The excessive use of force by police in the context of peaceful assemblies was also discussed. One NGO representative suggested that police should involve more frequently civil society experts in the planning of demonstrations and bigger public events and underlined the need for police to remain absolutely impartial. In this context, many governments ‘east of Vienna’ accused the United States of applying double standards. They brought up recent events in Ferguson and the response of the police to the protests following the shooting of Michael Brown on 9 August 2014. Also more recent events were raised, such as the shooting of a black person by a police officer in South Carolina in April 2015. The United States promised not to overlook its own record and also stressed in its opening statement at the SHDM that “[w]e in the United States know well that in our own nation there is still work to be done to promote and protect the freedoms of peaceful assembly and association.”

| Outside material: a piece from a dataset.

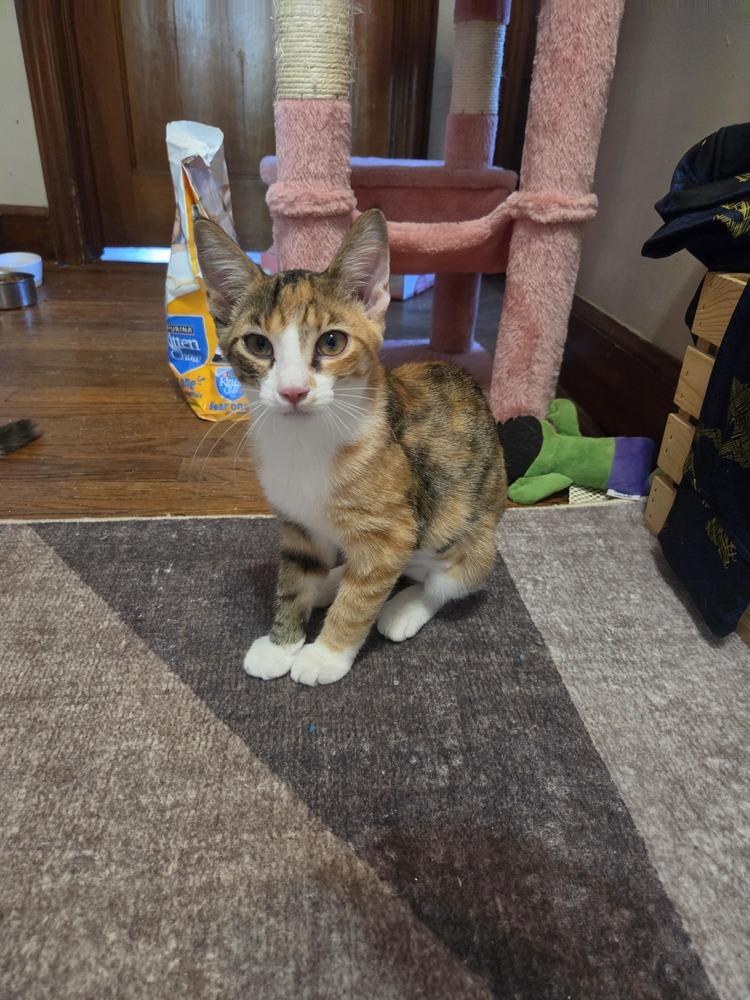 Enlarge Lamb, a Adoptable Domestic Short Hair in Lincoln Park, MI image 2/2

Furthermore, some participants brought up the situation of freedom of assembly and association on the Crimean Peninsula, following its illegal annexation by Russia in March 2014. Concern was expressed that Russian laws limiting the rights to freedom of assembly and association had been extended to Crimea, leading to a crackdown especially on pro-Ukrainian NGOs as well as Crimean Tartar organizations. Russia used its right of reply and stated that Russia had clear legislation in place and that citizens of Crimea enjoyed the same rights as all other Russian citizens.

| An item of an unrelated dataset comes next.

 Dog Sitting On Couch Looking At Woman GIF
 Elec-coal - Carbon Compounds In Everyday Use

In terms of concrete recommendations, the EU suggested to make use the ODIHR/Venice Commission guidelines on the freedom of peaceful assembly, freedom of association and the ODIHR guidelines on the Protection of Human Rights Defenders. The EU also recommended to allow organizations “to seek, receive and administer financial support from domestic, foreign and international entities without undue restrictions.”
It is hoped that the consolidated recommendations of the SHDM (that will be issued in due course) will serve as a basis for a draft Ministerial Council (MC) decision on freedoms of peaceful assembly and association, to be adopted at the upcoming MC meeting in Belgrade. This would be of particular importance, especially in light of the fact that at the 2014 Basel MC meeting consensus on such a draft decision could not be reached, despite the fact that the document was supported by over 40 states.